• About this task: All of the data should be repeated exactly; pictures are not part of the copy.

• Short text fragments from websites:
****************************************
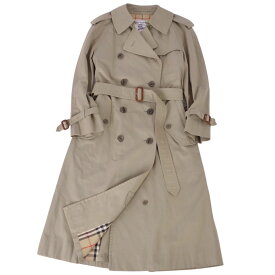 【美品】Vintage バーバリー Burberrys コート トレンチコート コットン100％ 裏チェック アウター レディース 9AB2(M相当) カーキグリーン【中古】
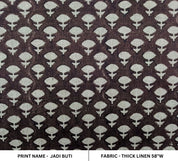 Jadi Buti Upholstery Block Print Linen Floral Fabric, Sofa Chair Upholstery, Outdoor Farmhouse Fabric, Modern Home Decor
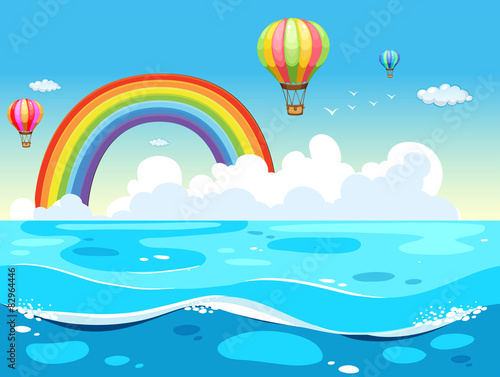 Ocean and rainbow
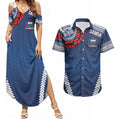 Manu Samoa Rugby Custom Navy Blue Couples Matching Summer Maxi Dress and Hawaiian Shirt ʻIe Toga Pattern With Red Ula fala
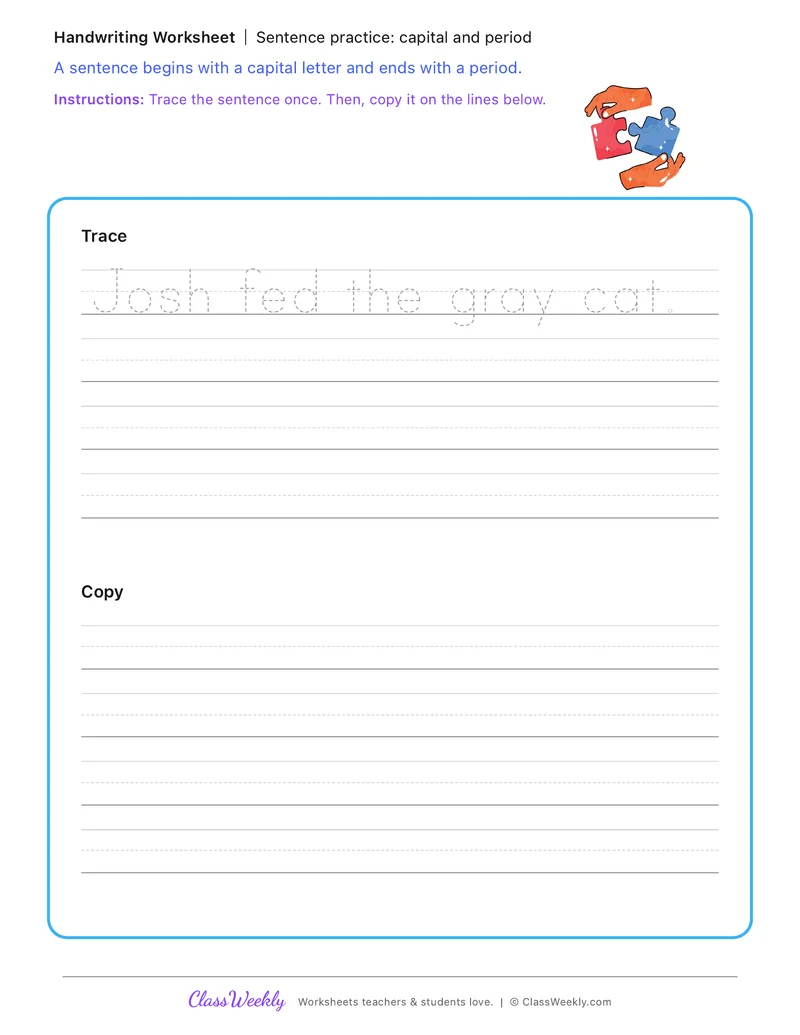 Sentence practice: capital and period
****************************************
• Expected output:
 【美品】Vintage バーバリー Burberrys コート トレンチコート コットン100％ 裏チェック アウター レディース 9AB2(M相当) カーキグリーン【中古】
 Jadi Buti Upholstery Block Print Linen Floral Fabric, Sofa Chair Upholstery, Outdoor Farmhouse Fabric, Modern Home Decor
 Ocean and rainbow
 Manu Samoa Rugby Custom Navy Blue Couples Matching Summer Maxi Dress and Hawaiian Shirt ʻIe Toga Pattern With Red Ula fala
 Sentence practice: capital and period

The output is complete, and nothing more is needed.